-- Aim of the task --
Look through the data below and output, unchanged, every line from the one holding "Car Seat Back" through the one holding "揭秘后珍妮贝儿时代下的台湾佳仕发若曼莎代理之路为何一波三折？", inclusive. Skip the pictures.

-- Input data --
• • • • • • •

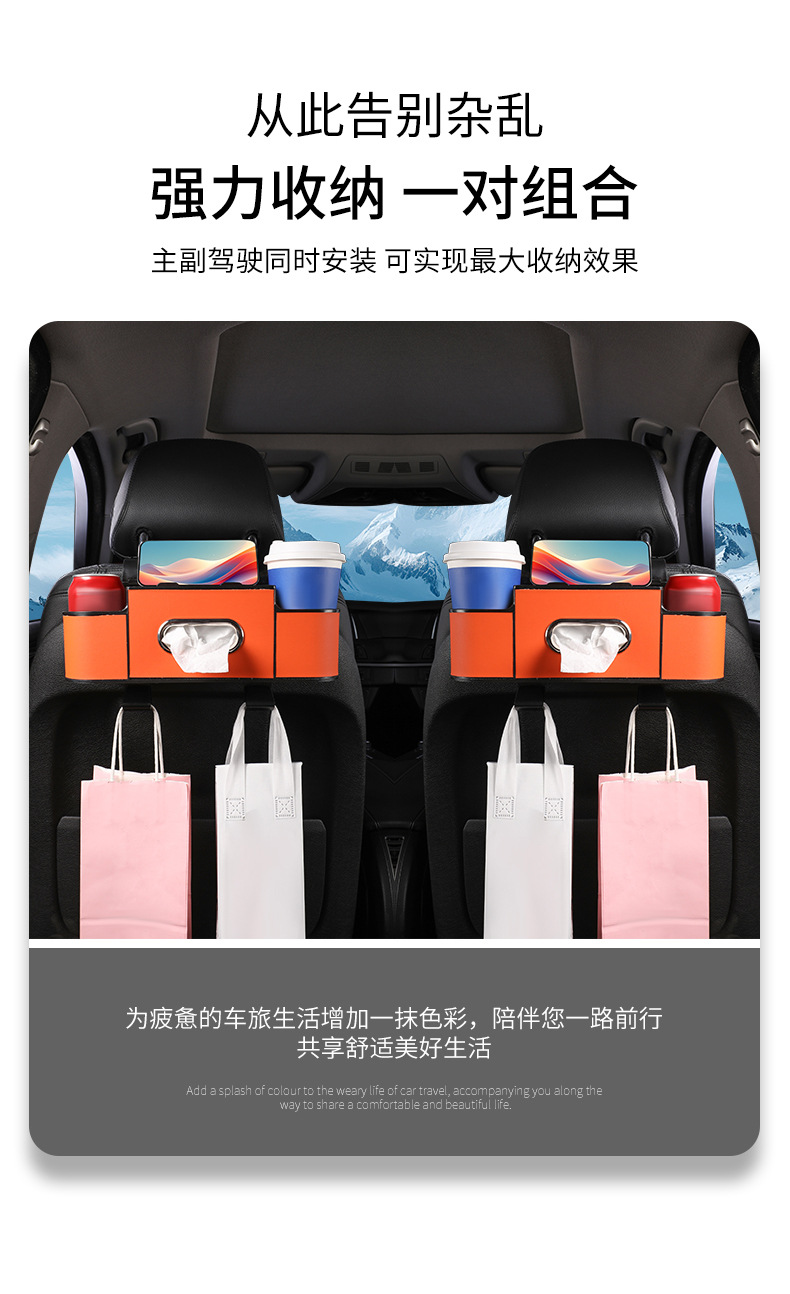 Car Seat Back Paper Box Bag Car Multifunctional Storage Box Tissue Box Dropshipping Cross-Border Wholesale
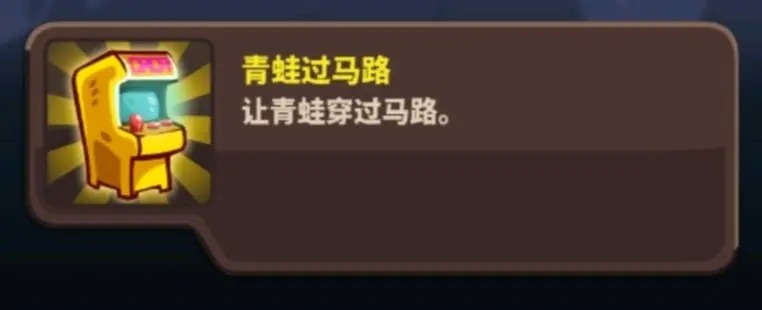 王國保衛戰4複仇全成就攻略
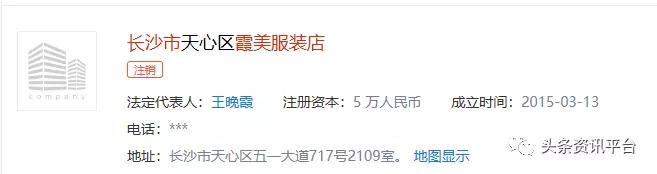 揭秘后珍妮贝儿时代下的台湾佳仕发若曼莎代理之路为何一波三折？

• • • • • • •

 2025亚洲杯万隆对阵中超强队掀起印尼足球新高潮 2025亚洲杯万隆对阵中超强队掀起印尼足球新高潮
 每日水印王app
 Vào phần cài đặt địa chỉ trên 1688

• • • • • • •

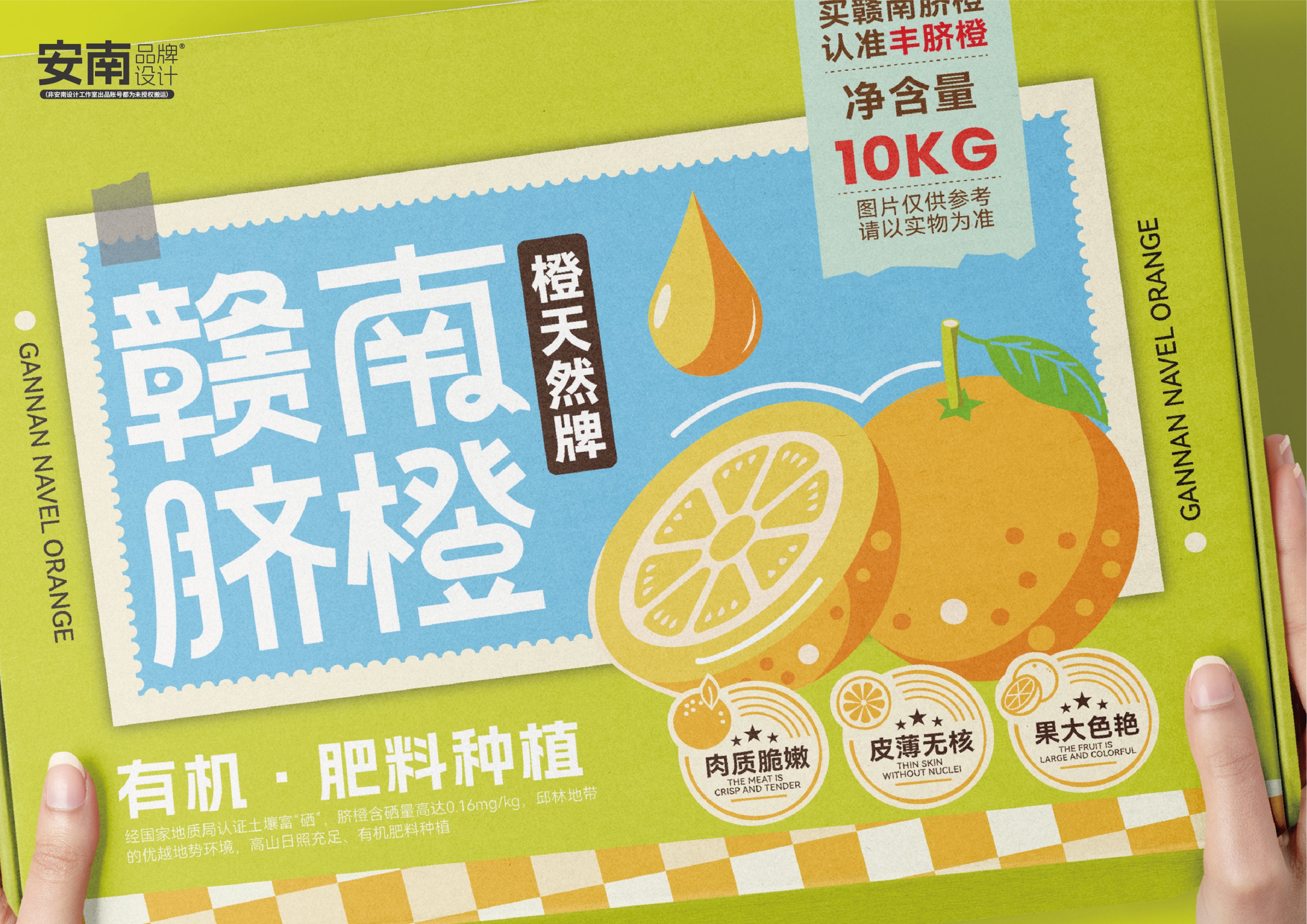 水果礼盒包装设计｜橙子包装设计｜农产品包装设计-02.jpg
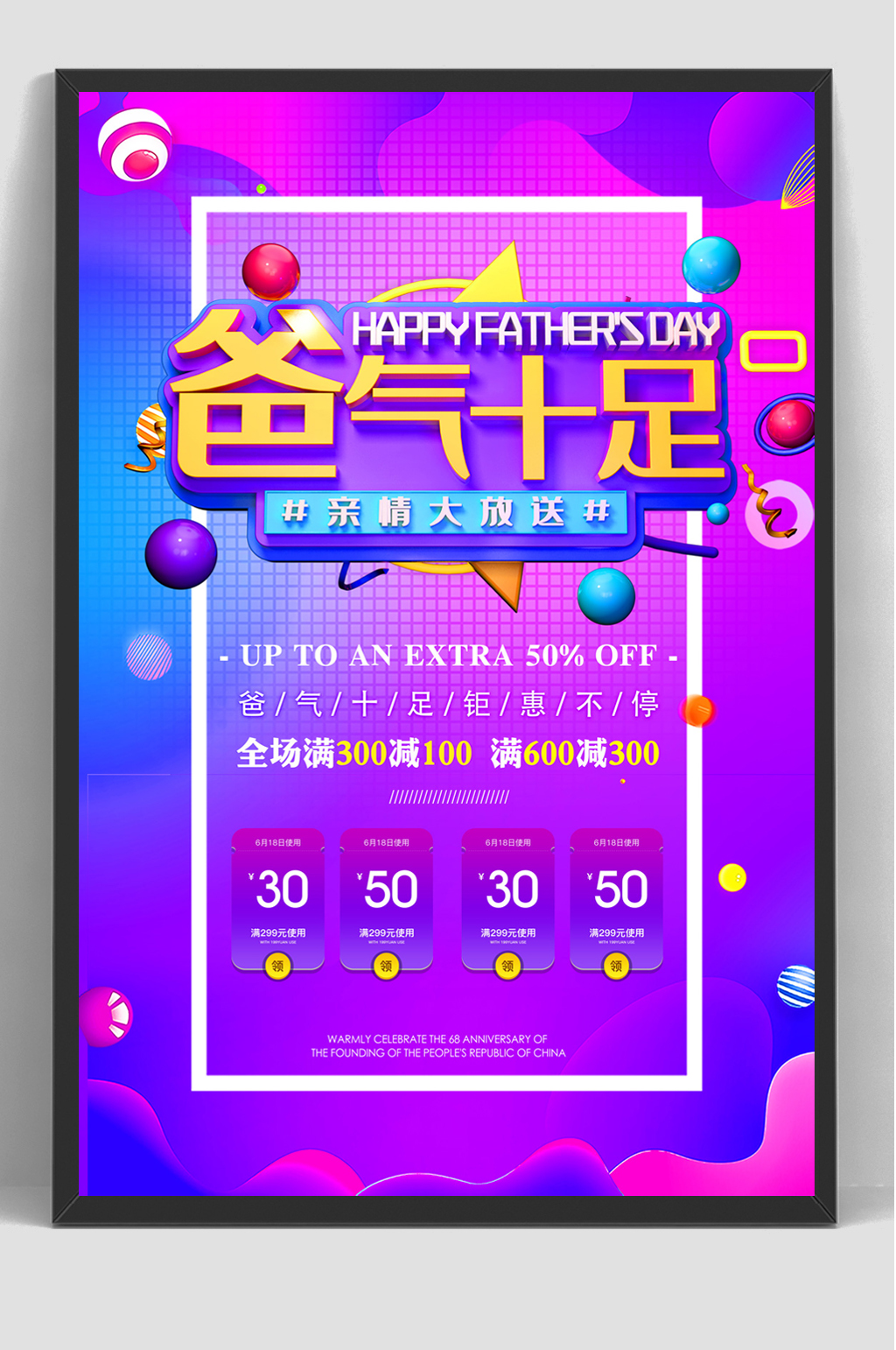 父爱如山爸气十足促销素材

• • • • • • •

-- Answer to the exercise --
 Car Seat Back Paper Box Bag Car Multifunctional Storage Box Tissue Box Dropshipping Cross-Border Wholesale
 王國保衛戰4複仇全成就攻略
 揭秘后珍妮贝儿时代下的台湾佳仕发若曼莎代理之路为何一波三折？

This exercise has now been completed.